A good place to start is the Monty Hall Problem. The pre-historic Let’s Make a Deal game show on broadcast television featured a host, Monty Hall, and contestants who were offered the chance to win fabulous prizes if they picked the right curtain, 1, 2, or 3. No clues were provided, it was pure guesswork. The possibilities were either a fabulous all expense paid Caribbean cruise, sometimes a consolation microwave and there was always a joke prize, such as a goat.
When the contestant made her choice, Monty did not open the curtain, but made an offer: Give up the chance to see what was behind your curtain? Or choose between the two curtains? And then he opened one curtain to show the goat or the microwave. Keep your curtain or switch?
This put the contestant in an emotional race state between greed and risk aversion. How bad would I feel if I gave up the fabulous prize for either the joke or the consolation prize. As any data scientist would expect, one-third of the time the contestant suffered regret by discovering that she had selected either the goat or the microwave and lost the chance at the dream of a lifetime.
After a while, the popular media asked a woman, reputed to be a super-genius, for the solution, to which she replied that statistically it made sense to take the offer to give up your initial choice and switch. No! The consensus was that there was a 50-50 chance that the contestant already had the winner, which had to be behind one of the two curtains. The concensus, sadly, included many statisticians who should have known better.
Parts of the statistical community, in common with the comman man, raised the irrefutable objection that as between the two curtains there was a 50-50 chance that the prize was hidden behind one of them. Which, of course, was a valid assertation as far as it went, which was not far enough.
Ab initio as those fond of showing obsolete erudition might say, or, more appropriately, at the beginning, the contestant had odds of 1:3 to choose the right door. Meaning, she also had odds of 2:3 of choosing the wrong door. She chose sides, as she was compelled to do, as to which was the right door. She knew that the joint probability of the other two doors containing the prize were 2:3.

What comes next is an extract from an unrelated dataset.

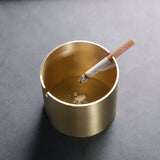 home ashtray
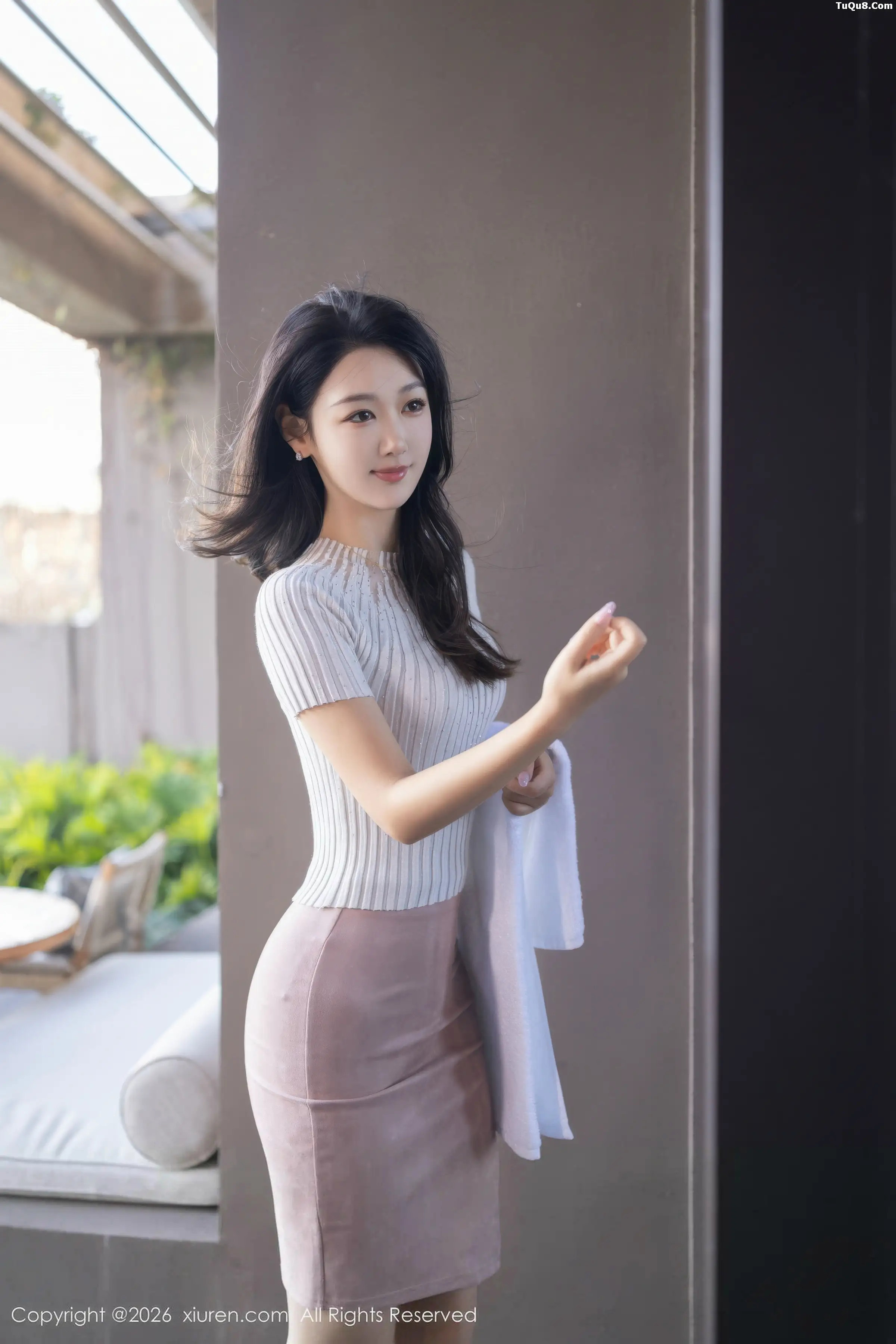 [秀人网] 2026.01.05 No.11195 唐安琪#[75P]-6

Now, comes the hard part. She already knew that only one of the other doors could have the real prize if she didn’t, and since there were two of them, the chances were 50-50, between them. Gaining the knowledge of which one of the doors did not have the winning 50% chance changed her estimate of the odds of the remaining door relative to the open door, but it did nothing (or should have done nothing) to change the estimate of her door relative to the joint probability of the other two doors.
More simply, she started with a 1:3 chance of winning. She still has a 1:3 chance of winning, but she now knows that the remaining alternative has a 2:3 chance of winning. Therefore, she doubles her chances by switching.
Do the math. It’s not hard, except emotionally. A lot of data science problems have that potential.
In the words of Paul Simon
A man sees what he wants to see and disregards the rest.